In this vein, he remarked that Arsal’s clashes had very similar results to those of the “Islamic victories in Iraq and Syria: reports of civilian executions, government soldiers taken hostage, at least 12 civilians confirmed dead, including five children and the prospect of long and bloody fighting ahead.”
Fisk backed his comparison by mentioning that Nusra Front members are pledging allegiance to ISIS’ “caliph” Abu Bakr al-Baghdadi and that the takeover of Arsal, as confirmed by the Lebanese Army chief and prime minister, was meticulously planned and “is part of a far greater rebel strategy.”
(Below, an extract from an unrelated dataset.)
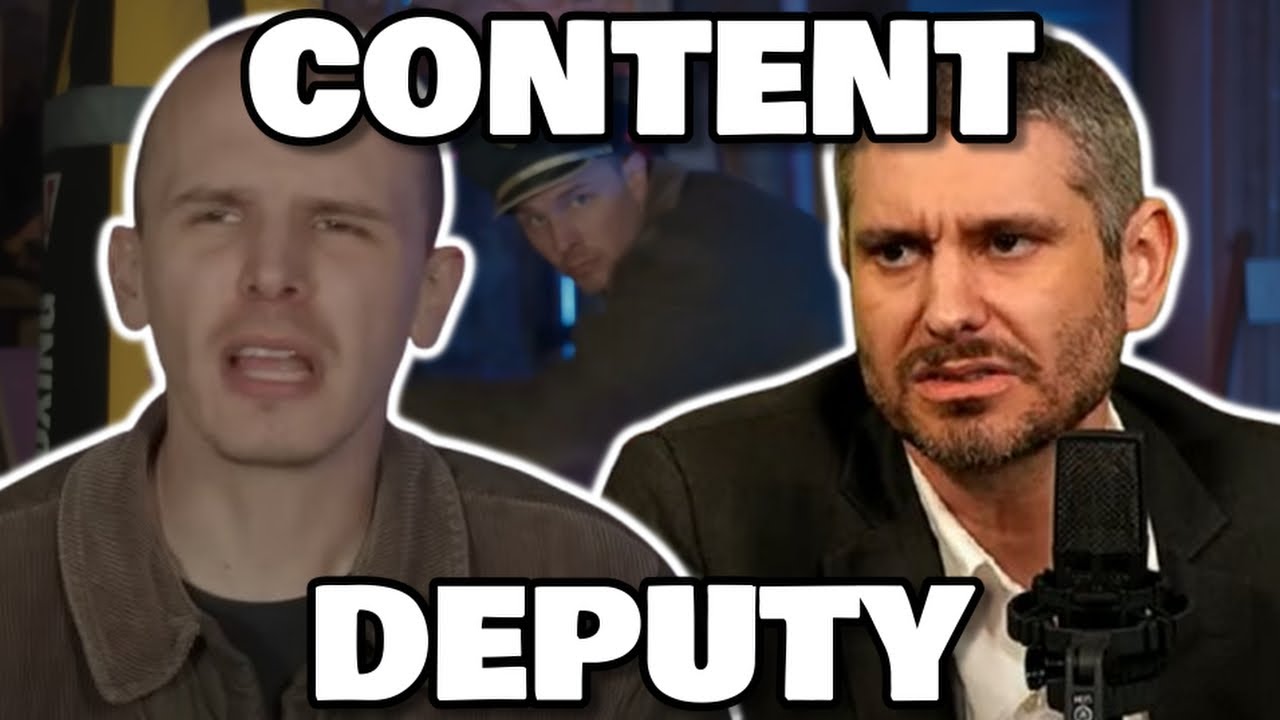 iDUBBBZ DOES CONTENT DEPUTY ON H3H3!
The article argued that the resurgence of extremist militants coming from Syria to Arsal demonstrated that “the Syrians have nothing like the control they have been claiming in the frontier lands,” especially as the Nusra Front combatants “had no difficulty in seizing 15 soldiers and almost as many Internal Security Forces personnel.”
Fisk said the Army-militants confrontation was “almost inevitable,” especially after the state forces had recently killed the Sunni jihadist Monzer al-Hasan - who had reportedly equipped suicide bombers to attack Shiite neighborhoods and the Iranian embassy in Beirut’s suburbs.
The killing of Al-Hasan, he explained, also followed the detention of Hussam al-Sabbagh, a Salafist militant who led Sunni militia forces in recent battles against Alawites in Tripoli.
According to Fisk, Sabbagh had fought in Afghanistan, Chechnya and Iraq against US forces and was “one of the few Tripoli leaders who refused to participate in a government security plan for the city.”
However, the Beirut-based British journalist said “the Lebanese forces’ units are among the best integrated of Middle East armies.” The fact that the majority of its members are Sunni Muslims, he added, never prevented the Army from suppressing Sunni extremism. He mentioned the clashes of Sir al-Dinnieh in 2000 and Nahr al-Bared in 2007 as examples.